(Stored data entries)

◆ ◆ ◆ ◆

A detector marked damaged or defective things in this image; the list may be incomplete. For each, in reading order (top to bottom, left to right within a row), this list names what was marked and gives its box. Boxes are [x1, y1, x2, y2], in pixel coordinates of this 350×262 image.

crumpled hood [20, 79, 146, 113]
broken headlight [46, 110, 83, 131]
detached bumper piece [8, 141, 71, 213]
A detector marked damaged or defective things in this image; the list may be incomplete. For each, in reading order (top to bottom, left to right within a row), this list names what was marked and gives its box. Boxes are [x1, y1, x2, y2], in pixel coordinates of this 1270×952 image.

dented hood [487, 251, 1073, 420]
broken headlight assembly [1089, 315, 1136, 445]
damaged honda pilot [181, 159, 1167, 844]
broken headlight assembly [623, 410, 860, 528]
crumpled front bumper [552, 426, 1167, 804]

◆ ◆ ◆ ◆

## Your task
The line containing "this 1270×952 image." and every line after it, through the last one above, should be written out word for word.

## Output
A detector marked damaged or defective things in this image; the list may be incomplete. For each, in reading order (top to bottom, left to right within a row), this list names what was marked and gives its box. Boxes are [x1, y1, x2, y2], in pixel coordinates of this 1270×952 image.

dented hood [487, 251, 1073, 420]
broken headlight assembly [1089, 315, 1136, 445]
damaged honda pilot [181, 159, 1167, 844]
broken headlight assembly [623, 410, 860, 528]
crumpled front bumper [552, 426, 1167, 804]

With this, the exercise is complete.